Thomas Fischermann, São Paulo*
Terno cinzento antracite, olhar sério, breve aperto de mão. De poucas palavras, o presidente dá a impressão de ser muito mais sério e objetivo do que a imagem conhecida do tribuno popular jovial sugere. Luiz Inácio Lula da Silva, presidente do Brasil de 2003 a 2010, senta-se na ponta de uma mesa de reuniões. Nem é o primeiro a falar, mas dá a palavra ao seu advogado, que inicia com uma exposição de dez minutos sobre a situação jurídica de Lula.
Sim, afirma o advogado, “o grand old man do movimento operário brasileiro” teria na próxima quarta-feira uma audiência de decisiva importância no tribunal. No tribunal de segunda instância três desembargadores julgarão uma ação de corrupção. A sentença do juiz de primeira instância, proferida em julho, condenou o ex-presidente a nove anos e meio de prisão. Na pauta, um grande imóvel residencial, que Lula teria recebido de amigos do setor privado - mas na pauta está também o futuro de Lula e do país inteiro, pois o político de 72 anos de idade não quer ir à prisão, quer assumir mais uma vez o poder. Nas eleições presidenciais de 2018 ele pretende candidatar-se mais uma vez ao cargo já ocupado.
Com isso Lula pretende reverter uma guinada à direita, que o país vive desde 2016: nesse ano a sua sucessora escolhida Dilma Rousseff foi expelida do palácio presidencial em uma incomum tomada do poder pela oposição conservadora. Ela perdeu um voto desconfiança e seu sucessor adotou sem correspondente mandato eleitoral programas de austeridade e uma política que vai ao encontro dos interesses dos industriais e latifundiários.
ZEIT ONLINE: O senhor afirma que todas as ações por corrupção contra o senhor são ficções politicamente motivadas?
Luiz Inácio Lula da Silva: Hoje não posso dizer muito sobre a iminente decisão judicial - por motivos jurídicos. Mas todo esse processo já começou com uma mentira publicada pelo jornal O Globo. Ele afirmou que esse imóvel residencial me pertenceria. Depois a Polícia Federal exibiu sindicâncias repletas de mentiras. A Procuradoria-Geral da República aproveitou-as - o que foi um erro. Um erro maior ainda foi o fato de um juiz ter aceito essas mentiras como se fossem verdade. Tudo isso desperta em mim a impressão de que estamos lidando mais com uma sentença política do que com uma sentença jurídica.

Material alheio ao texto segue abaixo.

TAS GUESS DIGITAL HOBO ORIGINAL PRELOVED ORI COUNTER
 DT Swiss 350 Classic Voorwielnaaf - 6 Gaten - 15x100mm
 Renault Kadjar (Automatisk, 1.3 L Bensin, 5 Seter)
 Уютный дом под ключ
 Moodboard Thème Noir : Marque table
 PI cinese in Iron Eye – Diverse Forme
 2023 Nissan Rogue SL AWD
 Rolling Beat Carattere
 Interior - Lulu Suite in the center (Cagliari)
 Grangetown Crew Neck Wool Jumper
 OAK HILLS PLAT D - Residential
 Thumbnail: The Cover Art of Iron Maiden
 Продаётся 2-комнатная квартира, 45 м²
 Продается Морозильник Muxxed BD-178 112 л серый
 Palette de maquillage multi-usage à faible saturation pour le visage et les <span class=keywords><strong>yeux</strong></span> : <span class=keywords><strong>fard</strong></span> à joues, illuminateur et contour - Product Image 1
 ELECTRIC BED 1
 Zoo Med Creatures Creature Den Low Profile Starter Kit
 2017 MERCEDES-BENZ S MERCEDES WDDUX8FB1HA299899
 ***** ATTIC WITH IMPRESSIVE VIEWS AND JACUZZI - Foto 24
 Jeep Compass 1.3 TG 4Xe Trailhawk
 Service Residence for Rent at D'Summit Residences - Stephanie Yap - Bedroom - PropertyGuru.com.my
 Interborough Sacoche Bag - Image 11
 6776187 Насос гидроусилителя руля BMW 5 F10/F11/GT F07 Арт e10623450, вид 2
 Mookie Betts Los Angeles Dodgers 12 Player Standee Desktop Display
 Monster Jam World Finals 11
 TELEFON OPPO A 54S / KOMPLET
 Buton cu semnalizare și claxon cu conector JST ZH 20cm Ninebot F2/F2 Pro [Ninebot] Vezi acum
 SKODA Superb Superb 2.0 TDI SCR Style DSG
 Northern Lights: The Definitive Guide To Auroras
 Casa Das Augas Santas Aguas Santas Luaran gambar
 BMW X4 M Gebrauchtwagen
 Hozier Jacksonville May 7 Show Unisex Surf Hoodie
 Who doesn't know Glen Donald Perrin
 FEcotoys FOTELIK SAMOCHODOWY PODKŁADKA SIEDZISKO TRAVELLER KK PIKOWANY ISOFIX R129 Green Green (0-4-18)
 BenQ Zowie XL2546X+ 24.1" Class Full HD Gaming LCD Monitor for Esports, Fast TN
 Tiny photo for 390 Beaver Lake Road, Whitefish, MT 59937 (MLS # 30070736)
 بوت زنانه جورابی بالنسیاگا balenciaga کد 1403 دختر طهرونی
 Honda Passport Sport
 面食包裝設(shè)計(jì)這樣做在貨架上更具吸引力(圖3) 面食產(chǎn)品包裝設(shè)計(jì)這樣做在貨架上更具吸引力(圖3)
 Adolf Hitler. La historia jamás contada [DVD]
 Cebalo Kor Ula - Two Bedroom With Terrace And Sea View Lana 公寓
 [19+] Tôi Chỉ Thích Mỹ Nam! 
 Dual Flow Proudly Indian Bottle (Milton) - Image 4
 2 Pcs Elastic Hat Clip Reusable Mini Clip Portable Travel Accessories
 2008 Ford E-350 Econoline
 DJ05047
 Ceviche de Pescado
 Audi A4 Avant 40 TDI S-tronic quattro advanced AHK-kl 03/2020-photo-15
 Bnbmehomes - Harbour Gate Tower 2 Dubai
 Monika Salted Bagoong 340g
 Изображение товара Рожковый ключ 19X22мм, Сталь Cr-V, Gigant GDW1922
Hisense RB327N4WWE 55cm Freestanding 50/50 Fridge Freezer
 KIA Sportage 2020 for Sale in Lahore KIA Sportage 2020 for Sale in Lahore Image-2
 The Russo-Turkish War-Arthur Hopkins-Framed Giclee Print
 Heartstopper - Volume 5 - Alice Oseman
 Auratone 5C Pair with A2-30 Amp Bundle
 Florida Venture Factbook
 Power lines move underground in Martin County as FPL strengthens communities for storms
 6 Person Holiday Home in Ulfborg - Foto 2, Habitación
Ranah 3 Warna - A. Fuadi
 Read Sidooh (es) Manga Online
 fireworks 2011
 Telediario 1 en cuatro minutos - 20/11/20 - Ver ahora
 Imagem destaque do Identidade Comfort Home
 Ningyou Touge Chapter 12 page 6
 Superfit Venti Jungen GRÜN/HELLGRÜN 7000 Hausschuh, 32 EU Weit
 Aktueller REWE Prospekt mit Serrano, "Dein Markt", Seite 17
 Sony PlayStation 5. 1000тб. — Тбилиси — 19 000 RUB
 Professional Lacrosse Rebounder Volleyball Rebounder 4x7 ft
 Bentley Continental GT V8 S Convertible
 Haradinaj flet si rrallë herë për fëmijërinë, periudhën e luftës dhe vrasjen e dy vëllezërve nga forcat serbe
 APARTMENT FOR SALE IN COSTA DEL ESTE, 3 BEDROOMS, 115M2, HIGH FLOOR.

ZEIT online: Essa é uma acusação dura.
Lula: Quando o competente procurador apresentou o caso, sem provas, ele chegou até a fazer uma apresentação em Powerpoint. Tentou-se passar ao país inteiro a impressão de que o PT, o Partido dos Trabalhadores seria uma organização criminosa, como se PT tivesse surgido e assumido o governo para espoliar o país.
ZEIT online: Caso o senhor seja condenado na próxima semana, ainda pretende manter a sua candidatura?
Lula: Não conheço a palavra “desistir”. Se eu for condenado, entrarei com recurso e viajarei dois dias depois à Etiópia. Lá falarei em uma conferência sobre a fome no mundo. O mundo inteiro sabe que o Brasil desenvolveu a melhor política de combate à fome. O meu governo foi especialmente bem-sucedido nisso. Depois pretendo liderar uma grande marcha dos meus apoiadores no Brasil, uma caravana. Vamos percorrer primeiramente no Sul do país e depois o Norte. O Partido dos Trabalhadores provou que pode governar bem o país, que o Brasil pode ser respeitado no exterior e que o partido pode produzir um grande crescimento da economia.
ZEIT online: Nem todos os brasileiros apóiam o senhor. Alguns participam cheios de ódio de manifestações contra a sua pessoa. Eles exigem nas manifestações: “Lula deve ir para a cadeia!” De onde vem isso?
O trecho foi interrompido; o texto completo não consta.